New Jersey voters are also more likely to express a lot of interest in the national contest (76%) compared to the state race (47%), and more have been following the presidential campaign very closely (51%) compared to the senate (11%).
The Monmouth University/Gannett New Jersey Poll was conducted by telephone with 874 New Jersey registered voters July 17-21, 2008. This sample has a margin of error of ± 3.3 percent. This report also includes analysis on a smaller group of 698 "likely voters" with a ± 3.7 percent margin of error. The poll was conducted by the Monmouth University Polling Institute and originally published by the Gannett New Jersey newspaper group (Asbury Park Press, Courier-Post, Courier News, Daily Journal, Daily Record, and Home News Tribune).
The questions referred to in this release are as follows:
1. There will be an election for U.S. Senator from New Jersey. How much interest do you have in that election – a lot, some, a little, or none at all?
2. And if the election for Senator was held today, would you vote for Dick Zimmer the Republican, Frank Lautenberg the Democrat, or some other candidate? [NAMES WERE ROTATED]
Composite Table: Strength of Vote Choice
2. If the election for Senator was held today, would you vote for [ROTATE] Dick Zimmer the Republican, Frank Lautenberg the Democrat, or some other candidate?
3 At this moment do you lean more towards Zimmer or more towards Lautenberg?
4. Are you very sure about voting for [Name]; or might you change your mind before Election Day?
5. Do you approve or disapprove of the job Frank Lautenberg is doing as United States Senator?
[QUESTIONS 6 AND 7 WERE ROTATED]
6. Is your general impression of Frank Lautenberg favorable or unfavorable, or don't you really have an opinion about him?
7. Is your general impression of Dick Zimmer favorable or unfavorable, or don't you really have an opinion about him?
8. Which candidate [READ] – Lautenberg, Zimmer, both, or neither one? [ITEMS WERE ROTATED]
A. Understands the problems of average New Jerseyans
B. Shares your views on economic issues
C. Shares your views on the war in Iraq
D. Will make sure New Jersey gets its fair share of federal funding
9. Do you think the campaign between Lautenberg and Zimmer is more likely to be positive where the candidates talk about the issues or more likely to be negative where the candidate’s attack each other?
[Question 10 was asked of a random sub-sample: moe= ± 4.7%]
10 Do you agree or disagree that Frank Lautenberg is too old to be an effective senator?

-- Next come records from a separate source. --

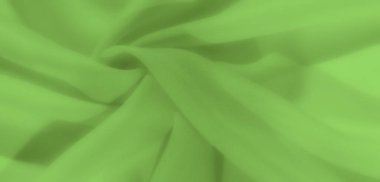 Zarif kıvrımları olan parlak yeşil kumaşlar lüks ve yumuşak bir doku yaratıyor. Akan çizgiler ve pürüzsüz yüzey çeşitli görsel tasarımlar için karmaşık bir arkaplan sunar.
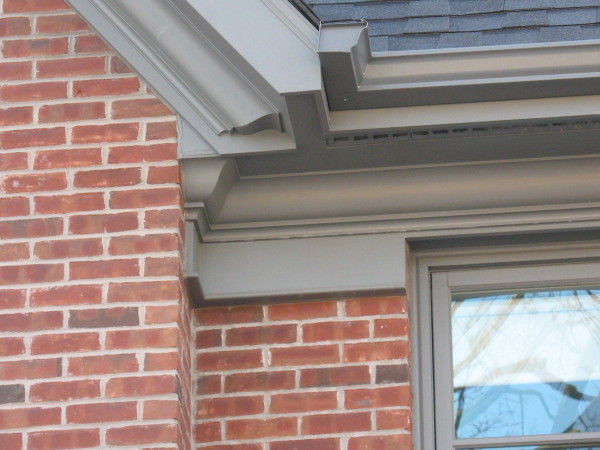 soffit, fasia, frieze board, cornice moulding, Leed home clad in pre-dipped and treated cedar shakes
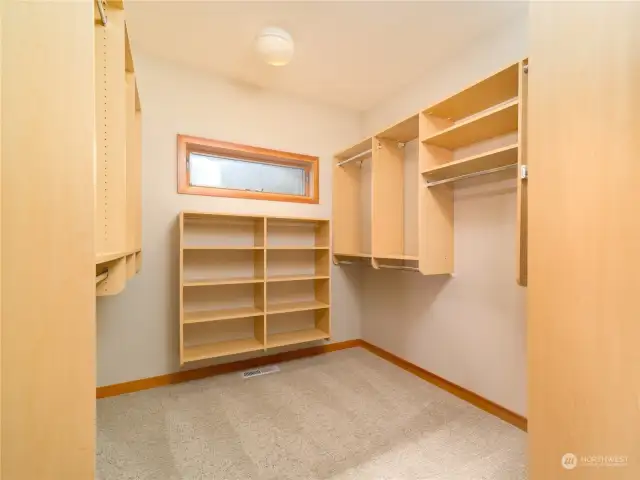 Huge walk in closet in the primary suite provides closet organizers.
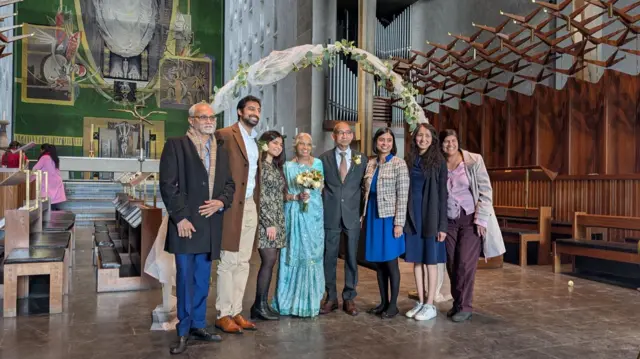 A group of eight people, one in a saree and others in suits and dresses, stood in front of a flora arch in Coventry Cathedral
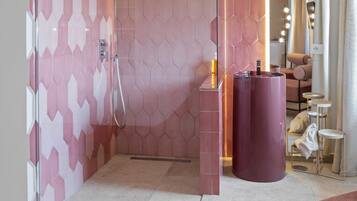 A modern bathroom with a shower area, a vanity with a mirror, and a seating area with a table and chairs.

[Question 11 was asked of a random sub-sample: moe= ± 4.7%]
11. In general, do you agree or disagree that someone 84 years of age is probably too old to be an effective senator?
12. How closely have you been following the campaign for U.S. Senate so far – very closely, somewhat closely, or not very closely?
The Monmouth University/Gannett New Jersey Poll was conducted and analyzed by the Monmouth University Polling Institute research staff. The telephone interviews were collected by Braun Research on July 17-21, 2008 with a statewide random sample of 874 registered voters. For results based on this voter sample, one can say with 95% confidence that the error attributable to sampling has a maximum margin of plus or minus 3.3 percentage points. Sampling error increases as the sample size decreases, so statements based on various population subgroups, such as separate figures reported by gender or party identification, are subject to more error than are statements based on the total sample. In addition to sampling error, one should bear in mind that question wording and practical difficulties in conducting surveys can introduce error or bias into the findings of opinion polls.
It is the Monmouth University Polling Institute’s policy to conduct surveys of all adult New Jersey residents, including voters and non-voters, on issues which affect the state. Specific voter surveys are conducted when appropriate during election cycles.